/---

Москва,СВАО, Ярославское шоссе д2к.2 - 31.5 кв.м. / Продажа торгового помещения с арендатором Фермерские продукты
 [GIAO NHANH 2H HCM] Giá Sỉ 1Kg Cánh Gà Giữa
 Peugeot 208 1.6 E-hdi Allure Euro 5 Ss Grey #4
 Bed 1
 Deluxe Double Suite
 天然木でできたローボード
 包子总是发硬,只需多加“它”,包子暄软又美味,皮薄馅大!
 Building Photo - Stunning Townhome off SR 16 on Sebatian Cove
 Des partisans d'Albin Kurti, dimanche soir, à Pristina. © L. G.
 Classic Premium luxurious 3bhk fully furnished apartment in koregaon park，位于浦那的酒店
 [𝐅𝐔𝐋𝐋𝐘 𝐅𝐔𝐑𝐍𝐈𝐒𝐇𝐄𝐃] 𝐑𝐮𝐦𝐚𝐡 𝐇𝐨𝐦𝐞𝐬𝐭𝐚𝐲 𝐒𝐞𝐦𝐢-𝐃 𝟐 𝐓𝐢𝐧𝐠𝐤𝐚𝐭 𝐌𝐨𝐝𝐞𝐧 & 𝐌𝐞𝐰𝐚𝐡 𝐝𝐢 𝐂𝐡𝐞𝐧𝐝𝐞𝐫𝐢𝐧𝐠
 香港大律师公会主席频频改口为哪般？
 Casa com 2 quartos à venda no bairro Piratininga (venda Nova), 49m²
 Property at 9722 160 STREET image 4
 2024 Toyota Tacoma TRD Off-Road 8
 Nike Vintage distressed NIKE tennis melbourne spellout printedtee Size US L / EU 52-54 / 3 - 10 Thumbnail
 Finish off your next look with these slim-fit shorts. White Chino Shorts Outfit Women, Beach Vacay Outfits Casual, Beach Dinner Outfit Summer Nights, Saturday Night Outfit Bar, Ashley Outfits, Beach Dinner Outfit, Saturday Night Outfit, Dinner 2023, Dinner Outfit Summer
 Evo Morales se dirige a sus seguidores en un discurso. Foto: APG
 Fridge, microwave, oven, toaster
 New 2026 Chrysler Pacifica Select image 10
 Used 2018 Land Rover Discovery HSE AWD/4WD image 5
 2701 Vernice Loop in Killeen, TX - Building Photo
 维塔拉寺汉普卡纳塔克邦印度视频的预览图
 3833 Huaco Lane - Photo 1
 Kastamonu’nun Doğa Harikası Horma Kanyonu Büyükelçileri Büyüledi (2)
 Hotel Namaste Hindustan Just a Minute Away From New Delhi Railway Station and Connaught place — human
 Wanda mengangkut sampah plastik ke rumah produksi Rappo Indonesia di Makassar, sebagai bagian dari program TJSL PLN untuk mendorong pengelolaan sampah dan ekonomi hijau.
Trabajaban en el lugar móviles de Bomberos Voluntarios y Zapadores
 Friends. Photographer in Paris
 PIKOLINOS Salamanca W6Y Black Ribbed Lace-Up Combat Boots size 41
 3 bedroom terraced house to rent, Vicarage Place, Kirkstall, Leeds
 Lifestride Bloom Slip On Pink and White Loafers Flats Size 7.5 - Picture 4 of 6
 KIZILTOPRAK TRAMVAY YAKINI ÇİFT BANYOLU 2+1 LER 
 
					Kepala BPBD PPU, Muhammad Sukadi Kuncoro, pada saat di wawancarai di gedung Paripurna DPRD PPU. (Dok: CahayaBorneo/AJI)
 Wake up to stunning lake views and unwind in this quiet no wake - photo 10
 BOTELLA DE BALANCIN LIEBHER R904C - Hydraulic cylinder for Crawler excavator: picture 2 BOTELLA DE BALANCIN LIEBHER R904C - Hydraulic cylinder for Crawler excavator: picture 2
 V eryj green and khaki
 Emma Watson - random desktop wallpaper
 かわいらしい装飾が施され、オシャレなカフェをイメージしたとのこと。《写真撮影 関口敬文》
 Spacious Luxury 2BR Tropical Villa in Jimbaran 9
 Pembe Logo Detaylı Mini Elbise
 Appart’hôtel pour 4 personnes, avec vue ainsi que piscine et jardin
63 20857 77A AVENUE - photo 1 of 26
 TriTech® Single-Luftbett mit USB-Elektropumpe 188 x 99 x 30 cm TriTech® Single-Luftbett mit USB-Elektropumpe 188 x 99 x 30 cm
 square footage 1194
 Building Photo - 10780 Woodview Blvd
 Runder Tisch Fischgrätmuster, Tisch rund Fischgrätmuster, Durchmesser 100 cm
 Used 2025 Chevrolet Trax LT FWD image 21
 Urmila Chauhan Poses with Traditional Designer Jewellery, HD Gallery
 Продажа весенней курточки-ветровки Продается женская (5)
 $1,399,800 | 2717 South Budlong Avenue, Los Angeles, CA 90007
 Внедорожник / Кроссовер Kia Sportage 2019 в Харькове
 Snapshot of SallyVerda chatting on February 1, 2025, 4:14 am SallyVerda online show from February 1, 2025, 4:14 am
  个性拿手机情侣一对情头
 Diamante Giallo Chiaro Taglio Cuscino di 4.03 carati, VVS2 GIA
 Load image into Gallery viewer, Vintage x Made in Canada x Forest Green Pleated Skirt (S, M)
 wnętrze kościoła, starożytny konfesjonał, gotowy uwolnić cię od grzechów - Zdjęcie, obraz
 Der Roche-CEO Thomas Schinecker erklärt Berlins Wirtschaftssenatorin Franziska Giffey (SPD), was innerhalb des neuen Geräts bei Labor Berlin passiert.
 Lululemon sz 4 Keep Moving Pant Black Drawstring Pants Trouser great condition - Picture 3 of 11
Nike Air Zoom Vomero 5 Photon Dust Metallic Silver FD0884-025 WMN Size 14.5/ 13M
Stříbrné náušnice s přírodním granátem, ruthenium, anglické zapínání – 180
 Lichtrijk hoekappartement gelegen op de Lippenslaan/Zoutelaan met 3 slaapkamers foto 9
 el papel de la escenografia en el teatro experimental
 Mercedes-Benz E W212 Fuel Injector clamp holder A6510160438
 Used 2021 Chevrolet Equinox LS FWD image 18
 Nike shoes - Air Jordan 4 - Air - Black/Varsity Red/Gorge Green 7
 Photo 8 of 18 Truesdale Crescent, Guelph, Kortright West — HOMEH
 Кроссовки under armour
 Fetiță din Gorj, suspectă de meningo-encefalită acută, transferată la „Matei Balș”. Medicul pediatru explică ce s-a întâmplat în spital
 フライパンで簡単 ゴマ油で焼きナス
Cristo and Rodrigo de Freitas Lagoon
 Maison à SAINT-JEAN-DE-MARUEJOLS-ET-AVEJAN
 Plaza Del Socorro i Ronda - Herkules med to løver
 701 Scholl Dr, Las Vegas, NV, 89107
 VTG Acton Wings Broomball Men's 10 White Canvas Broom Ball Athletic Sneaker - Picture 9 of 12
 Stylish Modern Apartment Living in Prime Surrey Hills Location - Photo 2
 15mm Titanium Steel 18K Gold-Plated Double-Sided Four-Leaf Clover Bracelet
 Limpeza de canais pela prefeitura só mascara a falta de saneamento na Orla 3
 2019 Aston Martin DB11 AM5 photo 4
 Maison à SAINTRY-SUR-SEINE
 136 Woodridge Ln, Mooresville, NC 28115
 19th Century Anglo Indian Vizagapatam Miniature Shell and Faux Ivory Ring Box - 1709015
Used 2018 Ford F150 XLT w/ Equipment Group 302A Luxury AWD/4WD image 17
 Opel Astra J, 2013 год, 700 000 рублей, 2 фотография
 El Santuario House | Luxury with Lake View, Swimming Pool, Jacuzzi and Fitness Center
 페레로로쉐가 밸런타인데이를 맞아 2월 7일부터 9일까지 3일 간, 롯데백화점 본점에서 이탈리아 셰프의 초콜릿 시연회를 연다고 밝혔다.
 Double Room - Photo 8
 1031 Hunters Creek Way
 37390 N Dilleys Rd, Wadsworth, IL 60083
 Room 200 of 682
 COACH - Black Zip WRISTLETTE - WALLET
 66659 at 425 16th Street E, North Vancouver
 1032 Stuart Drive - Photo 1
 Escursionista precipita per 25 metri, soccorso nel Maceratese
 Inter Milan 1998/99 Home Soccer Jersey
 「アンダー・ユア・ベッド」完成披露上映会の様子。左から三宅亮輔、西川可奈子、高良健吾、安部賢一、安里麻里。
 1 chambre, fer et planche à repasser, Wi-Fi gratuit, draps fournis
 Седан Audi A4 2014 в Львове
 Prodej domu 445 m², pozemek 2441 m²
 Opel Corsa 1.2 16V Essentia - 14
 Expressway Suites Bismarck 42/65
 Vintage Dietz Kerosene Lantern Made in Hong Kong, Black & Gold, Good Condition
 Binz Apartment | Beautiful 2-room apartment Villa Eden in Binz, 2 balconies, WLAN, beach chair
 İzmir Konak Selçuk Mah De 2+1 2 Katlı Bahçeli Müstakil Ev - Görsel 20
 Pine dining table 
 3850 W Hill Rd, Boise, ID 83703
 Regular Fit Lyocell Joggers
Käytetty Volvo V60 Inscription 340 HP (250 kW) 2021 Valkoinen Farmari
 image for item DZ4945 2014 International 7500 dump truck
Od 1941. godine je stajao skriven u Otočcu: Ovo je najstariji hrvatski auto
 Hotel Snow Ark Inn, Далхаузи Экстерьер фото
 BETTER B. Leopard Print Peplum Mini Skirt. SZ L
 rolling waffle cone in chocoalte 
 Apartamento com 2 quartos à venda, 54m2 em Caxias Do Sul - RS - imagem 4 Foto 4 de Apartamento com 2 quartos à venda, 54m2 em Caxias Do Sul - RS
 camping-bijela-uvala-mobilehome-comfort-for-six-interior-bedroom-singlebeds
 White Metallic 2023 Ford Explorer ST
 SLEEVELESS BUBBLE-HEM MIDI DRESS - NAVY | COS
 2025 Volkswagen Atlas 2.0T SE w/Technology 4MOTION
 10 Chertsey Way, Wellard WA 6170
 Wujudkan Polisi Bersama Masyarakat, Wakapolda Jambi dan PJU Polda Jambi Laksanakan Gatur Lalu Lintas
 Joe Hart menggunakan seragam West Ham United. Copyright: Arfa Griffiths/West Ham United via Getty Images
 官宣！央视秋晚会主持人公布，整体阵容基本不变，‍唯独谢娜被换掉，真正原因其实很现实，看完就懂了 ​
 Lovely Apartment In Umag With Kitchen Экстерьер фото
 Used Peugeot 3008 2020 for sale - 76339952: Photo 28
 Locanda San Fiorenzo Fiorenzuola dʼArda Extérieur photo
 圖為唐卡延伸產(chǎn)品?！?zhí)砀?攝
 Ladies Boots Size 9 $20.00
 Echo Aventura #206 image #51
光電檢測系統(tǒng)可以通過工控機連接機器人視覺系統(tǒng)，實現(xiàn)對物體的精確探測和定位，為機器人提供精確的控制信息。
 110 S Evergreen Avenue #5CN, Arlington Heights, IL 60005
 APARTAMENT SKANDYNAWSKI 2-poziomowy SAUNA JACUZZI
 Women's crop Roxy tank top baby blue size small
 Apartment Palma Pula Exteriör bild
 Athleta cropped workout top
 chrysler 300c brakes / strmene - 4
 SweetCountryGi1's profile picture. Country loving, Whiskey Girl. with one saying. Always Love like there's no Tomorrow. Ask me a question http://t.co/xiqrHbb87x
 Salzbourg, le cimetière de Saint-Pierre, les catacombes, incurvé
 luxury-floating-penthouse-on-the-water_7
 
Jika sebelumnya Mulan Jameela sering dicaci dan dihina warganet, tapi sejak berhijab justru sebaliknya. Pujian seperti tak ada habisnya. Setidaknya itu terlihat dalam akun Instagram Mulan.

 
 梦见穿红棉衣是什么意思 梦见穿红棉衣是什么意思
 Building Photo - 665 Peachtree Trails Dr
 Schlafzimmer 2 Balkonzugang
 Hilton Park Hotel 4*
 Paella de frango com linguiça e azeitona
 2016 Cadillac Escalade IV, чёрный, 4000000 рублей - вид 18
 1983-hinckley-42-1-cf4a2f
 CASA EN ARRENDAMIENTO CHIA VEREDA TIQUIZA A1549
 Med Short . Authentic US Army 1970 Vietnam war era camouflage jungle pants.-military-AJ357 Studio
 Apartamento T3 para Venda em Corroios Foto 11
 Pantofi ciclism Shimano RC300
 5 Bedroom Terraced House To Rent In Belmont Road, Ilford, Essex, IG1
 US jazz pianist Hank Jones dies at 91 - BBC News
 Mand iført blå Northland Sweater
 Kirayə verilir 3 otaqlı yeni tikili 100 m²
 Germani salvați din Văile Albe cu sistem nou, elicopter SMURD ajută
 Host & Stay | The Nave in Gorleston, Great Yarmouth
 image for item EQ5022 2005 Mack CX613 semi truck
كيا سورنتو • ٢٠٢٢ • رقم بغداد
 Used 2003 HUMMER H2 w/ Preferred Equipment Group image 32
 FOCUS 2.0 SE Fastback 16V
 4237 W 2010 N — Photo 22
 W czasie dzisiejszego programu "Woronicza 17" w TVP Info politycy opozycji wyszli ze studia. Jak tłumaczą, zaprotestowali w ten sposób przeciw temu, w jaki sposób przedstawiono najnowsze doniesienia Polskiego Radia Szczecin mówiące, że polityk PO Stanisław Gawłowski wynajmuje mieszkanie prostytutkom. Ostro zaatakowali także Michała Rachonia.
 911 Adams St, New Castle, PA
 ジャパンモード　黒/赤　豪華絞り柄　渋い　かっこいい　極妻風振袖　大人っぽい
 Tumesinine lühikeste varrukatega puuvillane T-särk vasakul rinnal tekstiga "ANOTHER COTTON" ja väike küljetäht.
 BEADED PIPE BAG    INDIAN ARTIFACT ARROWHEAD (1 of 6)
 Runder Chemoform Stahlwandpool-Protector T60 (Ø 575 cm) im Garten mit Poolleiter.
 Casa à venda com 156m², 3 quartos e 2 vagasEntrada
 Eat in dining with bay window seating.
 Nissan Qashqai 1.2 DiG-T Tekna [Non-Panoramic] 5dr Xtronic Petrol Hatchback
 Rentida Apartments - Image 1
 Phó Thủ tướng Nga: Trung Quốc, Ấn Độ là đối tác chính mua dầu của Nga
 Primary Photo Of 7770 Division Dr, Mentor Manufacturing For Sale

\---

Extract the lines of the preceding material that run from the line with "Building Photo - 665 Peachtree Trails Dr" through the line with "4237 W 2010 N — Photo 22", inclusive, reproducing them exactly and adding nothing.

 Building Photo - 665 Peachtree Trails Dr
 Schlafzimmer 2 Balkonzugang
 Hilton Park Hotel 4*
 Paella de frango com linguiça e azeitona
 2016 Cadillac Escalade IV, чёрный, 4000000 рублей - вид 18
 1983-hinckley-42-1-cf4a2f
 CASA EN ARRENDAMIENTO CHIA VEREDA TIQUIZA A1549
 Med Short . Authentic US Army 1970 Vietnam war era camouflage jungle pants.-military-AJ357 Studio
 Apartamento T3 para Venda em Corroios Foto 11
 Pantofi ciclism Shimano RC300
 5 Bedroom Terraced House To Rent In Belmont Road, Ilford, Essex, IG1
 US jazz pianist Hank Jones dies at 91 - BBC News
 Mand iført blå Northland Sweater
 Kirayə verilir 3 otaqlı yeni tikili 100 m²
 Germani salvați din Văile Albe cu sistem nou, elicopter SMURD ajută
 Host & Stay | The Nave in Gorleston, Great Yarmouth
 image for item EQ5022 2005 Mack CX613 semi truck
كيا سورنتو • ٢٠٢٢ • رقم بغداد
 Used 2003 HUMMER H2 w/ Preferred Equipment Group image 32
 FOCUS 2.0 SE Fastback 16V
 4237 W 2010 N — Photo 22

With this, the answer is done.